In 1911, Theodore Roosevelt – one of the most iconic and instantly recognizable presidents in American history – achieved a feat that would fundamentally alter the United States’ economy. Roosevelt recognized that individual businessmen, most prominently J.P. Morgan, had acquired monopolies on certain prominent industries, and decided that in order to diminish their power, he would need to effect changes that prevented such monopolies from existing. This initiative manifested itself in usage Sherman Antitrust Act of 1890, which had been put into law during the presidency of Benjamin Harrison, but had been neglected by presidents prior to Roosevelt, to justify breaking up trusts such as Standard Oil and the American Tobacco Company into dozens of sub-companies. This decision was considered a major victory of the Progressive Era, and Roosevelt would go on to break up forty more trusts in his presidential career.

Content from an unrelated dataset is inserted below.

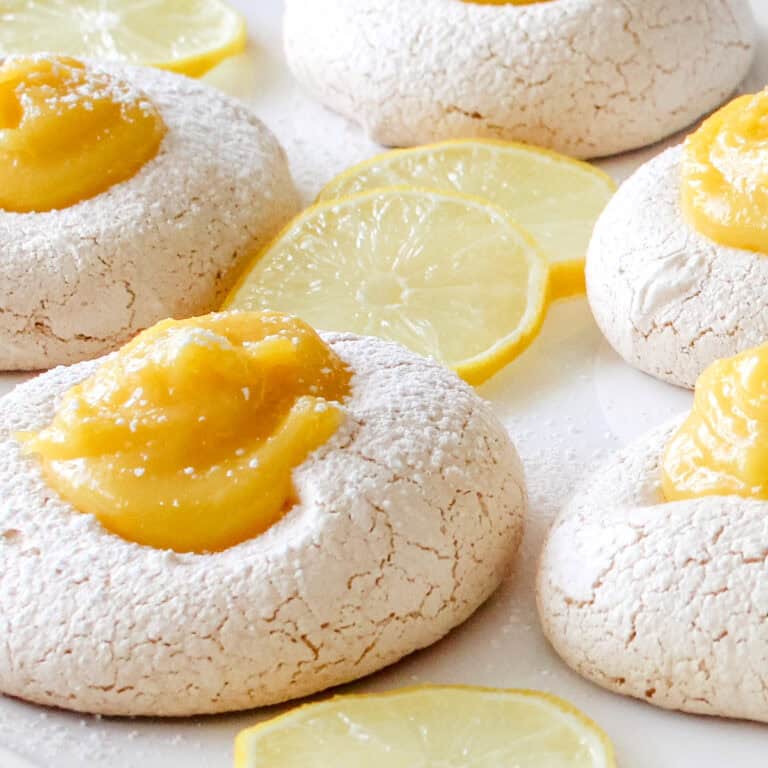 Little lemon meringue lemon curd cookies with powdered sugar.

Now, over one hundred years later, the issue of monopolies has become relevant again. Apple is famous for its domination of the tech industry, preferred by the vast majority of smartphone and tablet users. A recent Supreme Court decision argued that Apple was prosecutable under antitrust laws, and the Justice Department is moving forward with a probe into the company’s influence on the market. Other similar companies, like Google and Amazon, are also potential targets for this investigation. In today’s world, where most people prefer these companies over other similar options for similar services, the results of future decisions on this subject could define the future of the American economy.
However, not everyone thinks that this action is necessary. The tech world is dominated by companies whose main concern is to turn a profit as opposed to support customers’ actual needs, and some fear that breaking Apple up would provide opportunities for other, more odious conglomerates to stake their claim on the industry and cause more damage. Isaac Rjavinski ’20 is among them. “Apple is far from being the main force of toxicity in the tech industry. It provides an honest concern for consumer choice that it charges a premium for,” he said. “Personally I think that Apple could do well to not inflate its prices so high and also to stop dodging corporate taxes, but I think they’re far from the worst of the bunch in an increasingly crooked tech sector.”

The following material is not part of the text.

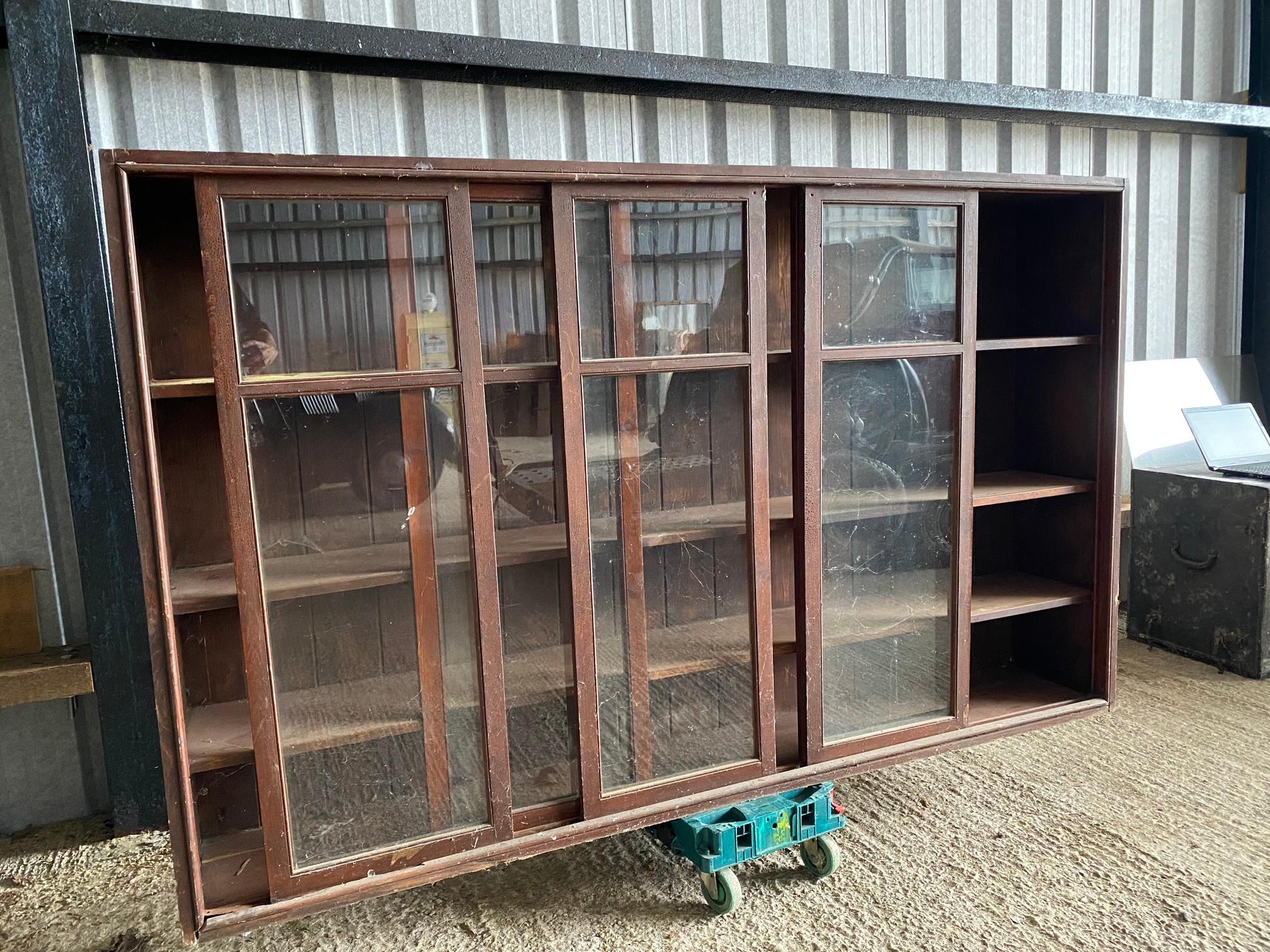 A large stained pine display cabinet with five sliding glass doors, 89 1/4" w x 54 1/2" h x 14 1/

“Government should have a way to check both the marketplace and possible monopolies they can form along with the products,” said Emery John ’20.
Others contend that on a practical level, challenging Apple with the current laws would present many complications. The solution, they assert, is to propose updated laws that could keep up with the rapid development of various industries. Emery John ’20 agreed, arguing that, “American antitrust policies have to be updated to deal with the nuances of a tech-conglomerate filled market.” For example, Apple houses marketplaces selling products from third parties such as iTunes and the Apple Store along with direct sales of products such as iPhones. Google and Amazon are also similar in this way, housing other companies on their platforms. “Government should have a way to check both the marketplace and possible monopolies they can form along with the products,” John added.
It is unclear what the trajectory of this probe will be. There are many potential targets whose businesses could be subject to inquiry under the Supreme Court’s decision, but one thing is clear: in an era of increasingly large-scale digital marketplaces, appropriate regulations need to be put in place.